Entries taken from a collection

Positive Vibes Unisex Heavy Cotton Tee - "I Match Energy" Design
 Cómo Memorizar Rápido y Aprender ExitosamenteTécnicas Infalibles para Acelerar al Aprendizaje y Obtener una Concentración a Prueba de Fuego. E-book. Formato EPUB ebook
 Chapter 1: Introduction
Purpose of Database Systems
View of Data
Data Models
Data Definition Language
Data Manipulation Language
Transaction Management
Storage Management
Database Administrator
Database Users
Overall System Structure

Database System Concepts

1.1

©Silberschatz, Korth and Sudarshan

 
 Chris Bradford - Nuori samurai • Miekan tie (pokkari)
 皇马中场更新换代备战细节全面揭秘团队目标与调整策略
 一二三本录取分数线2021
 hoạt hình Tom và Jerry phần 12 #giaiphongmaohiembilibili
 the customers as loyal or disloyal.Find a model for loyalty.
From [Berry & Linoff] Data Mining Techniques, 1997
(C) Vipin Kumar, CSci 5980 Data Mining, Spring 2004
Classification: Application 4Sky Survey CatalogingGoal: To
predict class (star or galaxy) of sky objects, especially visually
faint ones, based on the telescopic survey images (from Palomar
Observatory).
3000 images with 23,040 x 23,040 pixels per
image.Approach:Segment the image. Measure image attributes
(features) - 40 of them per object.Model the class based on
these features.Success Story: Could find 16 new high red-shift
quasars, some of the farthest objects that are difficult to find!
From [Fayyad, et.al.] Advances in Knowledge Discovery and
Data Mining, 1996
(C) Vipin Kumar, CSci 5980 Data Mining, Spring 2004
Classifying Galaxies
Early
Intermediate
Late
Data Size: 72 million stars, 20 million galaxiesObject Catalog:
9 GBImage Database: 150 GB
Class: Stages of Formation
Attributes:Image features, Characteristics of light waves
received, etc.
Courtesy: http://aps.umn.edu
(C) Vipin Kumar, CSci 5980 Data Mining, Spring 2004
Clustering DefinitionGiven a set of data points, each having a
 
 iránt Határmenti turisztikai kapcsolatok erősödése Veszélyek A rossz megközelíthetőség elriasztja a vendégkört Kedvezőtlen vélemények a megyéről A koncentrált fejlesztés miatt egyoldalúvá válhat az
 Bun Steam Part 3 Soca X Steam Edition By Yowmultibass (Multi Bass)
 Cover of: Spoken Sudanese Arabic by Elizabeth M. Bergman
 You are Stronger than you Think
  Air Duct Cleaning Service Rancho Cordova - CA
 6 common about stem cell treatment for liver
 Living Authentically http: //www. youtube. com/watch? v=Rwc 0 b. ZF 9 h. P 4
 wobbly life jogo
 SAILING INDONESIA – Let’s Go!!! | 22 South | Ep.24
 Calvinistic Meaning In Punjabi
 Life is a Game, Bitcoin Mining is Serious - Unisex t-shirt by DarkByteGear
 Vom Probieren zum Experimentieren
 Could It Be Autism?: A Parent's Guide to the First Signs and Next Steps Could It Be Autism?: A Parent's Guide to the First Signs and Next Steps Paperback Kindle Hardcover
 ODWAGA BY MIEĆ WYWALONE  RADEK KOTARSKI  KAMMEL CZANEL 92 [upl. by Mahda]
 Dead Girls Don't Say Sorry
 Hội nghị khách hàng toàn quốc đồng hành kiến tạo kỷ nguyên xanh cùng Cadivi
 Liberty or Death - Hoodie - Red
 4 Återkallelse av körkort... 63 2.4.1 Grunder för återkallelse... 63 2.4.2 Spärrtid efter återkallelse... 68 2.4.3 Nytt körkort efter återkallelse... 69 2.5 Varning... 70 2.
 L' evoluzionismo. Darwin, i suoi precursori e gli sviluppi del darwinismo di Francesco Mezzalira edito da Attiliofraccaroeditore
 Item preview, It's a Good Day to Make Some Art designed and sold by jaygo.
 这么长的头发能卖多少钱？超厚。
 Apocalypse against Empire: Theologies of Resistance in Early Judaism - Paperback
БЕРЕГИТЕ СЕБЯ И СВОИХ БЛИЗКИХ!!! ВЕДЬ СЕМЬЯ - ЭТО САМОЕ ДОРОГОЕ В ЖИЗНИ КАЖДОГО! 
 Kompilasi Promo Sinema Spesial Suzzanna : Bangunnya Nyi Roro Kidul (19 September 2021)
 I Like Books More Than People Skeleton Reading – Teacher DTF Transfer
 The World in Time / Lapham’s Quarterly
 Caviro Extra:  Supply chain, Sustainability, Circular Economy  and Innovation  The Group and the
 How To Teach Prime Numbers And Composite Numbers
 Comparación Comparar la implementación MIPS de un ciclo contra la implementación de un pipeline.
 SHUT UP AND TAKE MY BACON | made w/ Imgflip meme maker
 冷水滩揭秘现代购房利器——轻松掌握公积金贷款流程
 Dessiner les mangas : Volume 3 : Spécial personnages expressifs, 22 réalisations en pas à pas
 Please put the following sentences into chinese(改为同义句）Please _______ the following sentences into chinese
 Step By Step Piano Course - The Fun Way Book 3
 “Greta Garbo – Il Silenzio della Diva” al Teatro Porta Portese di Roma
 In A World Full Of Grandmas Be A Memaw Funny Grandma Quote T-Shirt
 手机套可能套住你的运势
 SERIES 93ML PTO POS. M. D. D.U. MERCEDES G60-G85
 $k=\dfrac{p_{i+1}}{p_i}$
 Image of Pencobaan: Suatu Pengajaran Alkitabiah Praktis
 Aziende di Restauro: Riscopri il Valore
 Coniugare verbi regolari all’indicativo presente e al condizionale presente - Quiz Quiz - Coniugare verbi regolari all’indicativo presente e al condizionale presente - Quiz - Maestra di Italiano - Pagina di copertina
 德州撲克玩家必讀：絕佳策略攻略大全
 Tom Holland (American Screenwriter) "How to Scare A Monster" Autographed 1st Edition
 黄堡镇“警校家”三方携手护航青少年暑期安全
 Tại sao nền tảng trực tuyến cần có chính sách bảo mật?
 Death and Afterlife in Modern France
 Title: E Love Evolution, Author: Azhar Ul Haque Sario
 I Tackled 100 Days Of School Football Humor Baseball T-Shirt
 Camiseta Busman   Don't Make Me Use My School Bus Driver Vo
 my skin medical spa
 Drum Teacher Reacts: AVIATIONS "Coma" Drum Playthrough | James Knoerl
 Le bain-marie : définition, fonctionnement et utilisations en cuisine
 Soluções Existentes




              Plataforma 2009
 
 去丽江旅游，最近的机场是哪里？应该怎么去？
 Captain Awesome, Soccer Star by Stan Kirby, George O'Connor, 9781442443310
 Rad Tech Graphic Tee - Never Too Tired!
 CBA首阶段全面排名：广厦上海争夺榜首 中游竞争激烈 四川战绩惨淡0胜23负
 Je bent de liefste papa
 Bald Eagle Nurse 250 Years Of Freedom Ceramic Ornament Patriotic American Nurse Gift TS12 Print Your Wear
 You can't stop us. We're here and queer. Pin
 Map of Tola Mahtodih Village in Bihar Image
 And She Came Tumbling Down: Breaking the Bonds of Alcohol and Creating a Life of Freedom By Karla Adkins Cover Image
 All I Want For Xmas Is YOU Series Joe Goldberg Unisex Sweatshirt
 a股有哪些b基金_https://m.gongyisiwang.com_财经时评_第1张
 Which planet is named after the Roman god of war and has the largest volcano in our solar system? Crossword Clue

** EXERCISE PROMPT **
Please write out, exactly as they appear above, only the lines in the stretch from the line with "Classification: Application 4Sky" through the line with "SAILING INDONESIA –".

** SOLUTION TO THIS EXERCISE **
Classification: Application 4Sky Survey CatalogingGoal: To
predict class (star or galaxy) of sky objects, especially visually
faint ones, based on the telescopic survey images (from Palomar
Observatory).
3000 images with 23,040 x 23,040 pixels per
image.Approach:Segment the image. Measure image attributes
(features) - 40 of them per object.Model the class based on
these features.Success Story: Could find 16 new high red-shift
quasars, some of the farthest objects that are difficult to find!
From [Fayyad, et.al.] Advances in Knowledge Discovery and
Data Mining, 1996
(C) Vipin Kumar, CSci 5980 Data Mining, Spring 2004
Classifying Galaxies
Early
Intermediate
Late
Data Size: 72 million stars, 20 million galaxiesObject Catalog:
9 GBImage Database: 150 GB
Class: Stages of Formation
Attributes:Image features, Characteristics of light waves
received, etc.
Courtesy: http://aps.umn.edu
(C) Vipin Kumar, CSci 5980 Data Mining, Spring 2004
Clustering DefinitionGiven a set of data points, each having a
 
 iránt Határmenti turisztikai kapcsolatok erősödése Veszélyek A rossz megközelíthetőség elriasztja a vendégkört Kedvezőtlen vélemények a megyéről A koncentrált fejlesztés miatt egyoldalúvá válhat az
 Bun Steam Part 3 Soca X Steam Edition By Yowmultibass (Multi Bass)
 Cover of: Spoken Sudanese Arabic by Elizabeth M. Bergman
 You are Stronger than you Think
  Air Duct Cleaning Service Rancho Cordova - CA
 6 common about stem cell treatment for liver
 Living Authentically http: //www. youtube. com/watch? v=Rwc 0 b. ZF 9 h. P 4
 wobbly life jogo
 SAILING INDONESIA – Let’s Go!!! | 22 South | Ep.24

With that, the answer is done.